Perfection du piano

Clara Schumann, Scherzo n°2, op. 14

Depuis que des disques de musique classique tournent sur la platine de mon bureau collectif, ma concentration intellectuelle s’est améliorée. En particulier grâce au piano.

Cela fait longtemps que je suis très impressionné par cet instrument. Ce que l’on peut faire avec le piano, ce que les musiciens ont pu composer avec lui me fascinent. Ma fascination avait commencé quand une voisine du dessus, en Chine, mettait des disques de piano tous les matins. Elle devait avoir une sorte d’obsession, et elle a dû me la communiquer.

Parfois, dans mon bureau, quand j’y suis seul, je ne pense plus à rien, j’éteins les lumières et je pénètre le monde incroyablement varié, complexe, surhumain, des morceaux de Mozart, de Schubert, de Schumann. (Chopin, c’est moins mon truc, je l’avoue, et je partage ce sentiment avec une amie japonaise dont on dit qu’elle est une vraie pianiste mais qui a toujours refusé de jouer pour moi. Alors nous parlons musique dans les pubs, des pintes de bière à la main, et nous pensons de concert que Bach est préférable – et même, pardoxalement, plus libre pour l’interprète – que Chopin.) 

Parfois, je n’écoute plus, car je me lance dans des méditations historiques sur l’invention technologique que le piano représente. Je me dis qu’il a fallu des siècles de travail pour arriver à cette perfection absolue. Une fois qu’on a inventé le clavier, il restait encore beaucoup à faire.

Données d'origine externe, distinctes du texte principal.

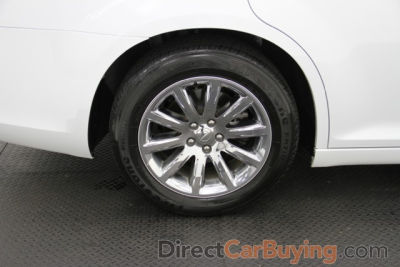 2012 Chrysler 300C  Base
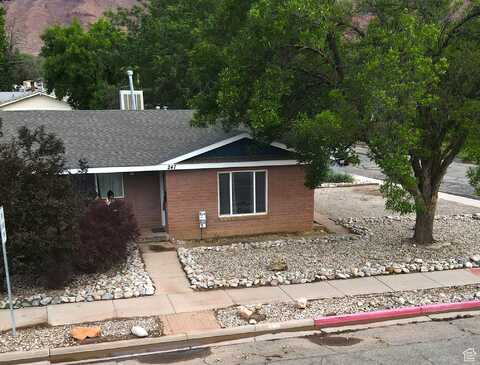 247 W 400 N, Moab, UT 84532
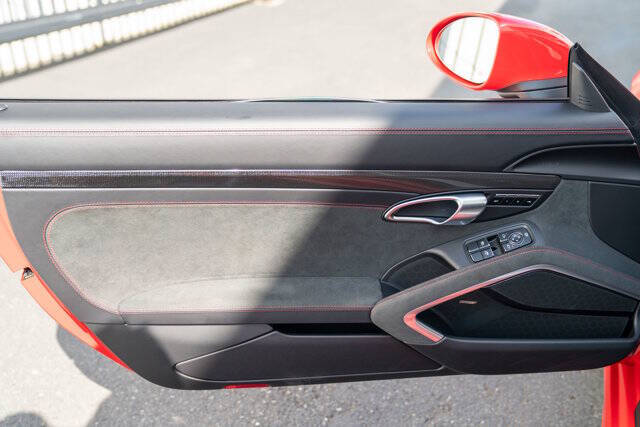 2021 Porsche 718 Boxster 12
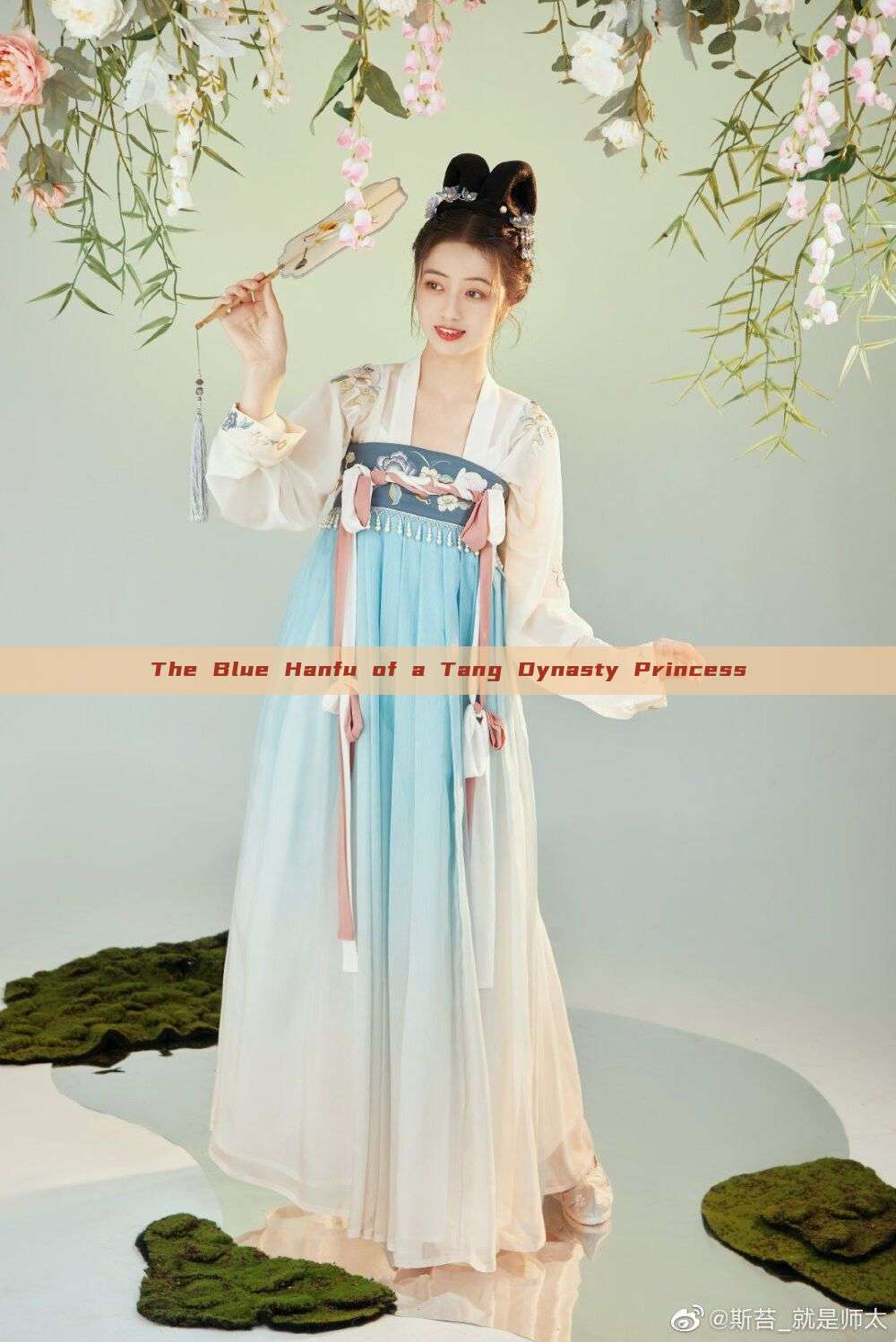 The Blue Hanfu of a Tang Dynasty Princess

D’abord, le son était fluté, avec les harmonium et les orgues, c’était beau mais dès qu’on jouait un peu vite, cela devenait confus. Bon, j’entends déjà les défenseurs de l’orgue, des mecs comme Ben, par exemple, qui vont venir protester, comme quoi c’est très exagéré de dire que c’est confus, etc. Alors disons que l’orgue n’est peut-être pas confus, mais que ce qu’il gagne en amplitude sonore, il le perd en précision.

Ensuite avec l’épinette, et le clavecin, le son était pincé, parce que les cordes étaient pincées. C’était beau, et en plus, on pouvait jouer diablement vite, ce que mes amis Forqueray et Couperin ont pris un malin plaisir à faire. Mais avec le clavecin, on pouvait appuyer aussi fort que l’on voulait, le son était à peu près égal, et il avait une longueur très médiocre.

Avec l’invention du pianoforte (pour jouer piano et pour jouer forte comme on veut), et ses cordes frappées par des marteaux en velour (là aussi « marteau » et « velour », quel oxymore délicat), alors on pouvait jouer rapidement comme avec le clavecin, et tenir de notes longuement, comme à l’orgue. On pouvait privilégier la clarté de la pensée des Lumières, ou au contraire s’enliser dans des langueurs monotones annonciatrices des dérives romantiques.

On dit avec raison que le piano est l’instrument romantique par excellence. On a tous en tête les nocturnes de Chopin, les envolées de Rachmaninov. Ce qu’il ne faut pas oublier, cependant, c’est que le piano fut inventé un siècle avant le romantisme, et que le XVIIIe siècle connaissait l’existence de gens tels que Mozart. Mettez cet instrument merveilleux entre les mains d’un génie comme Mozart, et laissez-le s’amuser avec ce jouet autant qu’il le veut. 

Il en est sorti, bien sûr, des choses très célèbres, ce troisième mouvement de la sonate n°11. Mais aussi des jeux brillants et philosophiques, comme les fameuses 12 Variations sur « Ah! Vous dirai-je Maman » …

En général, mes méditations ne me mènent nulle part et s’interrompent brutalement, car j’ai tout de même une thèse à finir.